The existing works are limited to analyzing, categorizing and highlighting the occurrence of bias in the recruitment process. In this paper, we go beyond this and develop machine learning models for identifying and classifying biased and discriminatory language in job descriptions. Five major categories of biased and discriminatory language were identified after a thorough examination of existing works on behavioral science with a focus on bias and discrimination in recruitment. The major research questions addressed in this paper are as follows:

RQ1—In what way is bias and discrimination currently present during the recruitment process and how does this manifest itself in the context of job descriptions?
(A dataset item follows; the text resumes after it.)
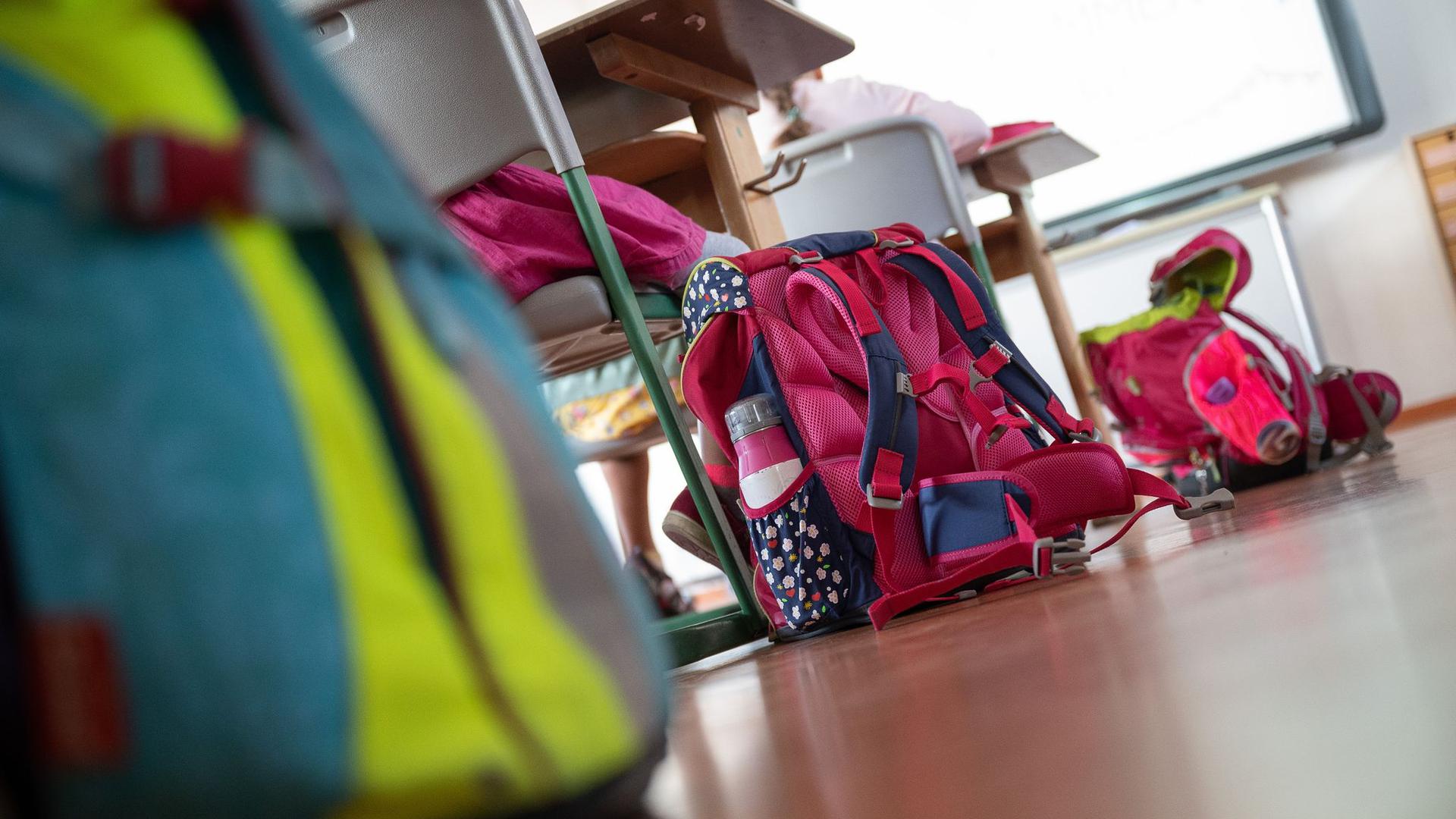Schulranzen stehen in einem Klassenraum auf dem Boden.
RQ2—Which state-of-the-art technologies can be employed to achieve optimal results in automatically identifying and classifying biased and discriminatory language in job descriptions?

To answer RQ1, we examine the literature for existing works on behavioral science and in particular, bias and discrimination in the recruiting industry (Sect. 2.1). We also developed a list of 524 unique biased and discriminatory terms (see Sect. 3.3) divided into the five categories: masculine-coded, feminine-coded, exclusive, LGBTQ-coded, demographic and racial language.

To answer RQ2, the list of 524 unique biased and discriminatory terms was used to annotate the corpus of job descriptions from the publicly available Employment Scam Aegean Dataset, EMSCAD (Vidros et al. 2017) dataset into five categories of biased and discriminatory language. A gazetteer-based approach was used to semi-automatically generate an annotated corpus by tagging the biased language terms in the job advertisements. We utilized the combination of linguistic features and most recent state-of-the-art word embedding representations as input features for training machine learning classifiers on the annotated corpus.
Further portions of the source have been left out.